**Material provided:**

■ ■ ■

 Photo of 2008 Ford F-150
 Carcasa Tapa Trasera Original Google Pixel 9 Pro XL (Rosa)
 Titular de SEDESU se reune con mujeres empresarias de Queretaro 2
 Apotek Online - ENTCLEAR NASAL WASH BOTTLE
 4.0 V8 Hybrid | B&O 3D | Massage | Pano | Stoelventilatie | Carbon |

■ ■ ■

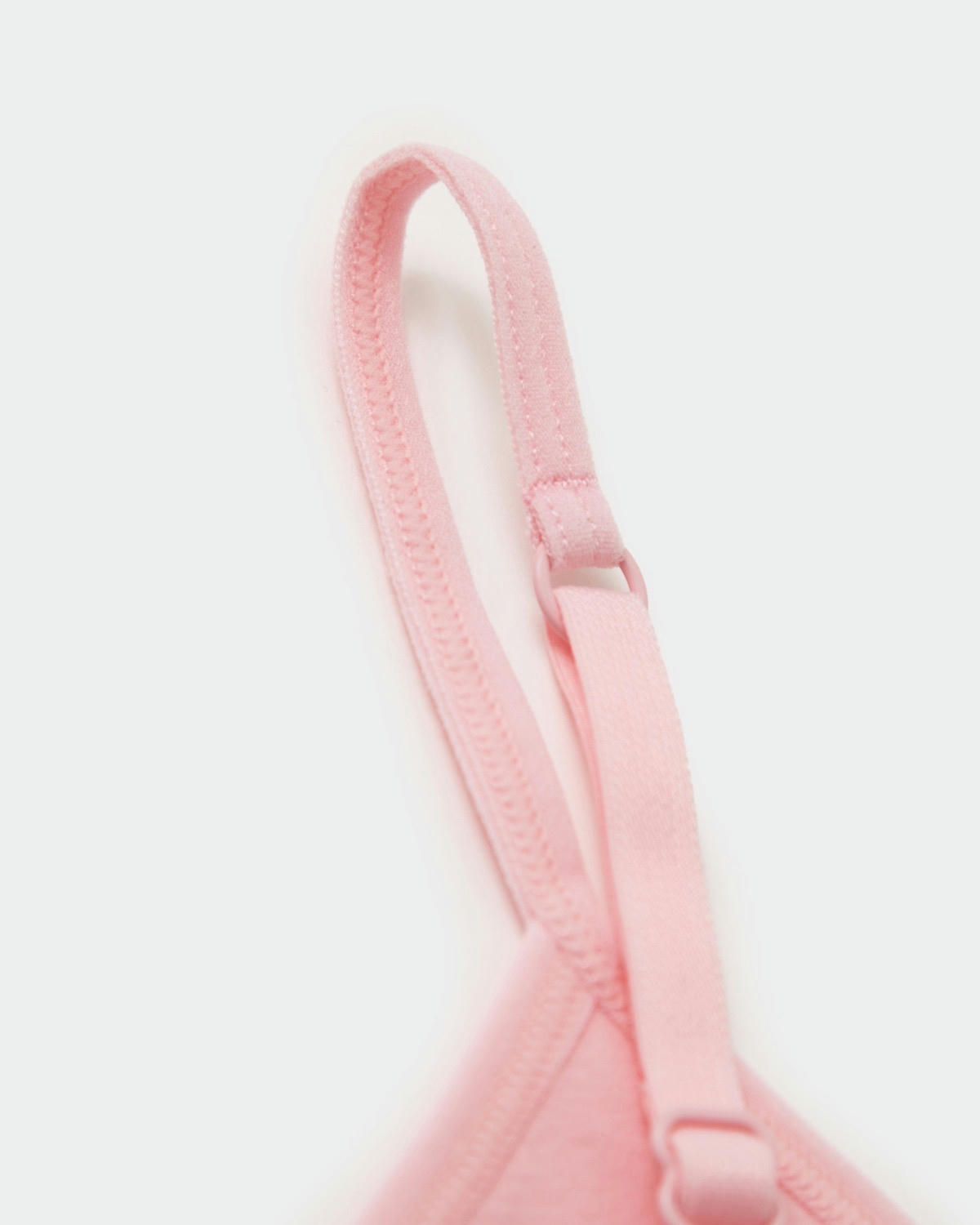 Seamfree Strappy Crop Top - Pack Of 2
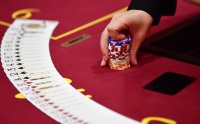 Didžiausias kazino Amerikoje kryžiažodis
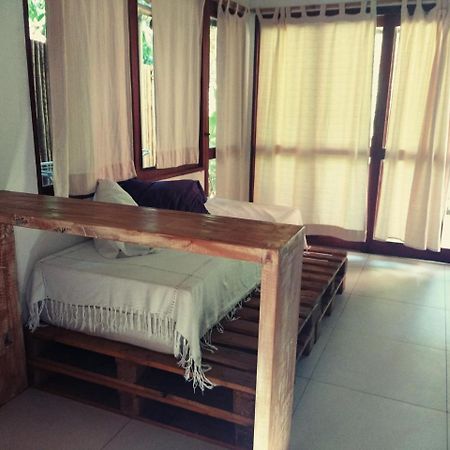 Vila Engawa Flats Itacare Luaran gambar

■ ■ ■

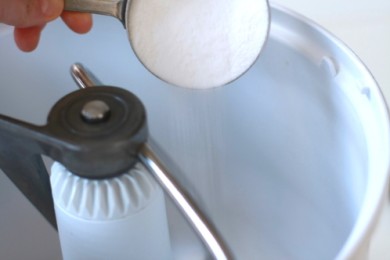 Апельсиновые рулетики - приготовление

■ ■ ■

**Description of the task:**
Retype only the stretch of lines above starting at the one with "Photo of 2008 Ford F-150" and stopping at the one with "4.0 V8 Hybrid", exactly as written, with both kept.

**Written response:**
 Photo of 2008 Ford F-150
 Carcasa Tapa Trasera Original Google Pixel 9 Pro XL (Rosa)
 Titular de SEDESU se reune con mujeres empresarias de Queretaro 2
 Apotek Online - ENTCLEAR NASAL WASH BOTTLE
 4.0 V8 Hybrid | B&O 3D | Massage | Pano | Stoelventilatie | Carbon |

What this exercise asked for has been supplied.